Port Clarence Coast Guard Station (formerly known as Point Spencer Air Force Base) is a private-use airport located one nautical mile (2 km) northeast of the central business district of Port Clarence in the Nome Census Area of the U.S. state of Alaska. It is owned by the U.S. Government.

== History ==
Point Spencer Air Force Base was constructed in World War II by the United States Army Air Forces. The runway was installed with Pierced Steel Planking runway. Around 1948, the base was closed and mothballed. It was thought that the Russians were using the airfield, so in 1950, a team of army engineers were deployed from a C-47 Skytrain to destroy the remaining hangars and buildings. The Pierced Steel Planking was dismantled, and the buildings were demolished and burnt.
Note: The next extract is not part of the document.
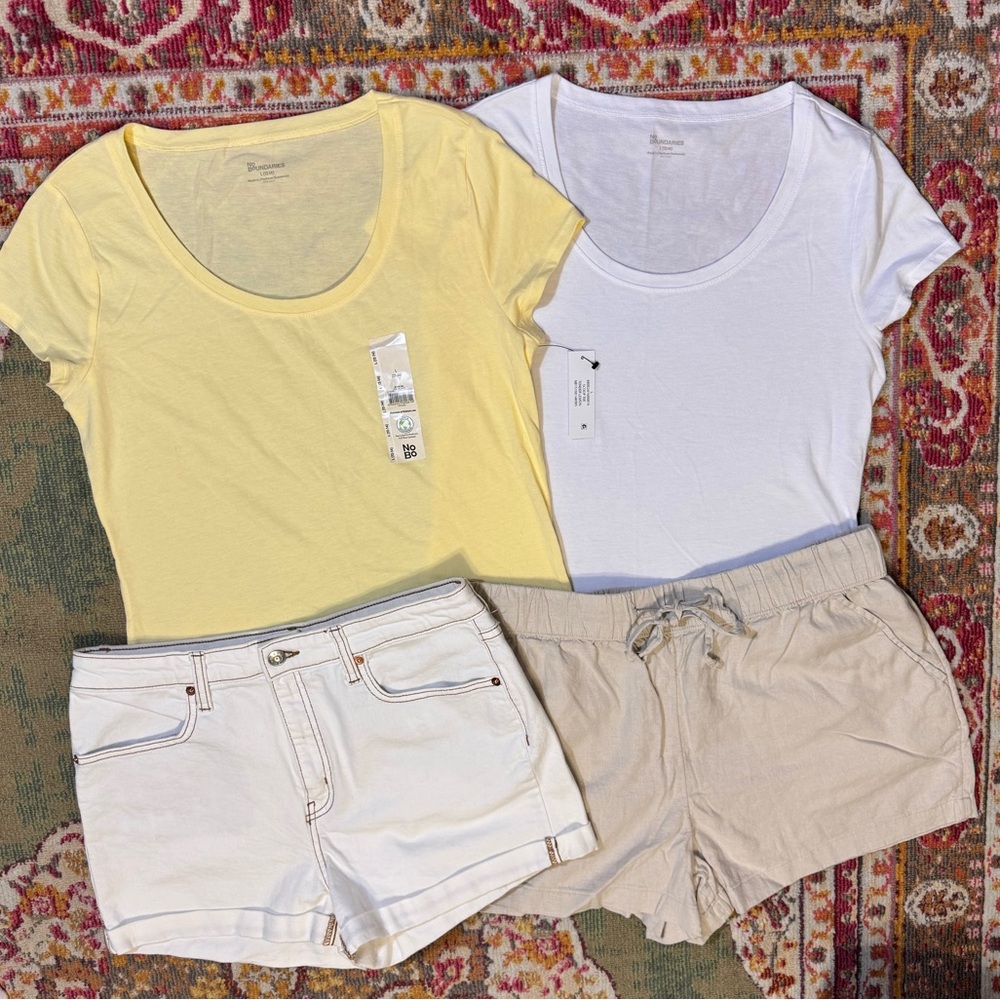 Women’s Large Butter Yellow & White Tees and Cream Denim & Linen Shorts Bundle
=== Port Clarence Coast Guard Station ===
In 1961, a survey was conducted to construct the Coast Guard's LORAN Station Port Clarence, located south of the former airfield.
Shortly afterwards in 1963, the Port Clarence Coast Guard Station airfield was established on the location of the former air base.

==Facilities and aircraft==
Port Clarence Coast Guard Station has one runway designated 16/34 with a 4,500 × 120 ft (1,372 × 37 m) asphalt pavement. For the 12-month period ending September 9, 1992, the airport had 200 aircraft operations: 50% air taxi and 50% general aviation.